→ **Provided data**

******************************

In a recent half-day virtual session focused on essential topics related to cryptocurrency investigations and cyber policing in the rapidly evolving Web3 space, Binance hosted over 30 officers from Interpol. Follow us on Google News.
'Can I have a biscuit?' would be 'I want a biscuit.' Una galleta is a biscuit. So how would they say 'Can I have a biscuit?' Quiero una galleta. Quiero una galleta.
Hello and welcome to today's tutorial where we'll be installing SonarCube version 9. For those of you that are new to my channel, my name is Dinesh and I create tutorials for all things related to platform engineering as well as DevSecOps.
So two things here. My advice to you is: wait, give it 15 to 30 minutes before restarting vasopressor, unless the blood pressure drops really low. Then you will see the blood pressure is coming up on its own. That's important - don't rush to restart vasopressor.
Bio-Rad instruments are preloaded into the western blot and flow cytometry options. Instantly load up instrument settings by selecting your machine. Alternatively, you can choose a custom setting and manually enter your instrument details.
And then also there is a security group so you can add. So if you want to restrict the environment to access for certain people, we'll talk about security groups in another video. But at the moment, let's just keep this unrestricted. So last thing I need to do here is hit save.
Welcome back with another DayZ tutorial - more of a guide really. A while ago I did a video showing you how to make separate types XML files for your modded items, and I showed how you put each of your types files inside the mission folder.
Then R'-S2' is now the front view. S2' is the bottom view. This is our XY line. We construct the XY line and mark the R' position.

******************************

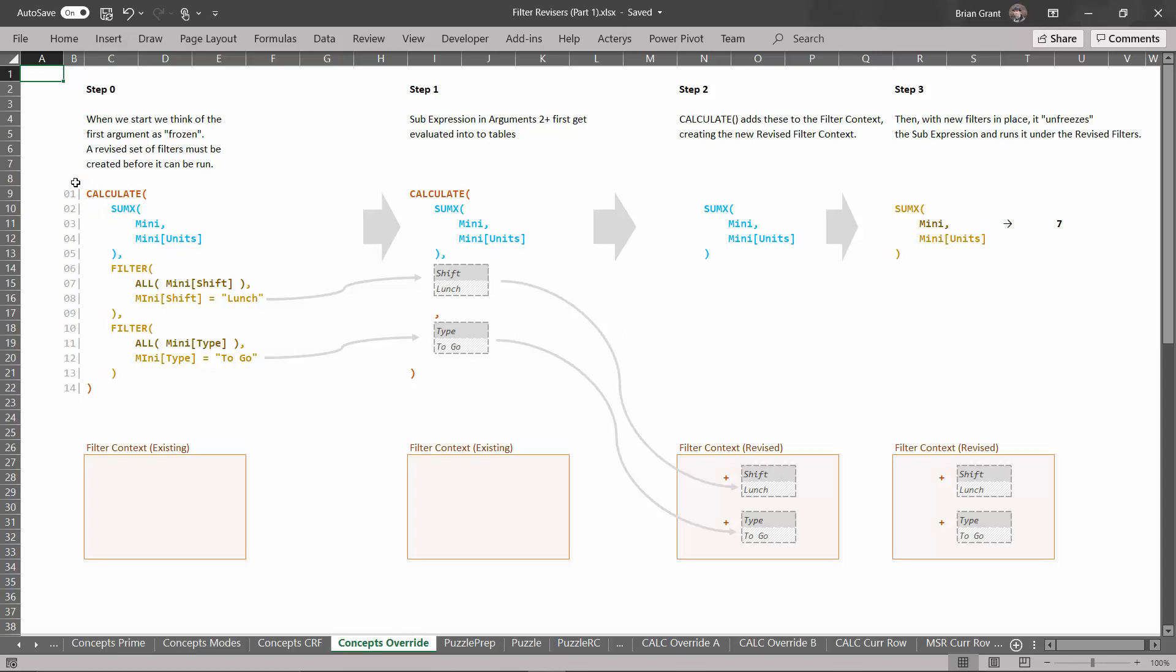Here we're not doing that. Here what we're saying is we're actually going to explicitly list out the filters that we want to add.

******************************

→ **Directions**
Above are some lines. Repeat exactly, and only, those from the line that has "Bio-Rad instruments are" through the line that has "Then R'-S2' is".

→ **Expected answer**
Bio-Rad instruments are preloaded into the western blot and flow cytometry options. Instantly load up instrument settings by selecting your machine. Alternatively, you can choose a custom setting and manually enter your instrument details.
And then also there is a security group so you can add. So if you want to restrict the environment to access for certain people, we'll talk about security groups in another video. But at the moment, let's just keep this unrestricted. So last thing I need to do here is hit save.
Welcome back with another DayZ tutorial - more of a guide really. A while ago I did a video showing you how to make separate types XML files for your modded items, and I showed how you put each of your types files inside the mission folder.
Then R'-S2' is now the front view. S2' is the bottom view. This is our XY line. We construct the XY line and mark the R' position.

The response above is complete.